Senator Hiram Johnson famously quipped that
"the first casualty when war comes is the truth." As the war in Iraq
continues, is the White House intentionally preventing search engines
from preserving a record of its statements on the conflict? Or, did
their staff simply make a technical mistake?
When search engines "spider" the web in search of documents for their
indices, web site owners sometimes put a file called robots.txt which
instructs the "spiders" not to index certain files. This can be for
policy reasons, if an author does not want his or her pages to appear
in search listings, or it can be for technical reasons, for example if
a web site is dynamically generated and can not or should not be
downloaded in its entirety.
According to reports,
though, the White House is
requesting that search engines not index certain pages
related to Iraq. In addition to stopping searches, this prevents
archives like Google's cache and
the Internet Archive from
storing copies of pages that may later change. 2600
called the White House to investigate the matter.

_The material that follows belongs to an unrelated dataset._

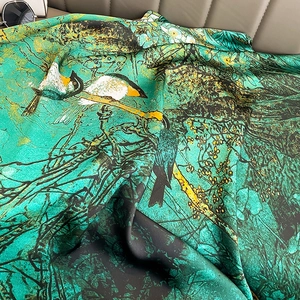 Luxurious faux silk scarf with green nature bird print and smooth glossy finish
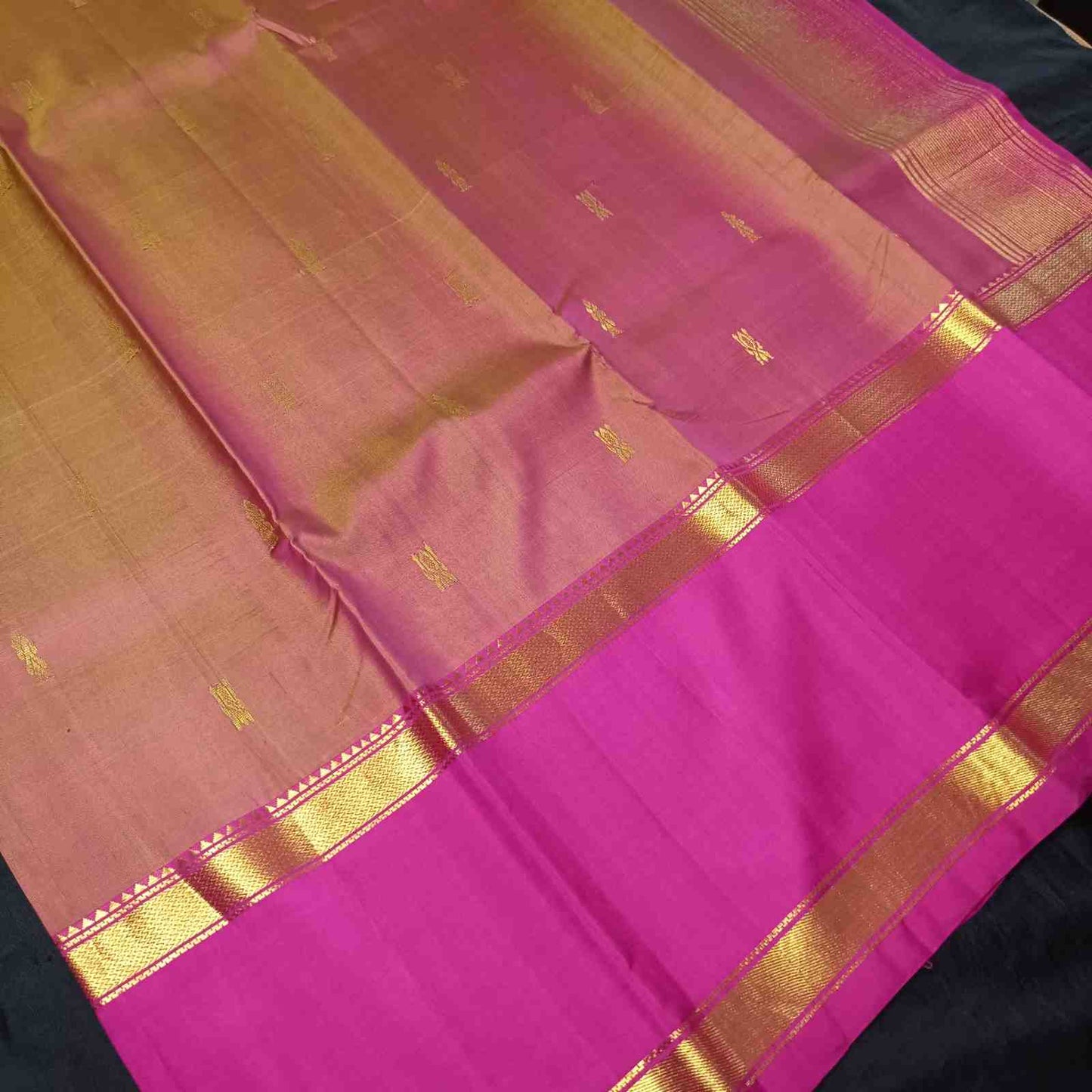 Close-up of traditional Korvai Reku Kaddi border on honey gold Kanjivaram silk saree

According to White House spokesman Jimmy Orr, the blocking of search
engines is not an attempt to ensure future revisions
will remain undetected. Rather, he explained, they "have an Iraq
section [of the website] with a different template than the main
site." Thus, for example, a press release on a meeting between
President Bush and "Special Envoy" Bremer is available in the
Iraq template (blocked from being indexed by search engines) or the
normal White House template (available for indexing by search
engines). The attempt, Mr. Orr said, was that when people search,
they should not get multiple copies of the same information. Most of
the "suspicious" entries in the robots.txt file do, indeed, appear to
have only this effect.
According to the robots.txt of October
24, though, the In Focus: Iraq
section of the site was blocked from search engines. Some of the information
there does not appear
to be available anywhere else on the White House site. However, it
seems that, in response to inquiries from 2600 and other
sources, the White House web team has recently changed their robots.txt so that
these files are no longer blocked. (The current Last-Modified
date on the robots.txt is 23:22 GMT,
October 27th, after work on this article had already begun.)
It is of course open to speculation as to whether the original
blocking of the content in question was malicious or an honest
mistake. Certainly anyone who maintains a large website has made some
sort of technical mistake at least once, and the promptness with which
the error was fixed after it was pointed out suggests that the White
House had no interest in keeping it in place. The White House, as an
entity responsible to the citizenry and an entity that has generated a
lot of criticism over its handling of the situation in Iraq, ought to
take special care to avoid similar mistakes in the
future. Nonetheless, we are pleased to learn that, at least this time,
the issue seems to have been resolved promptly.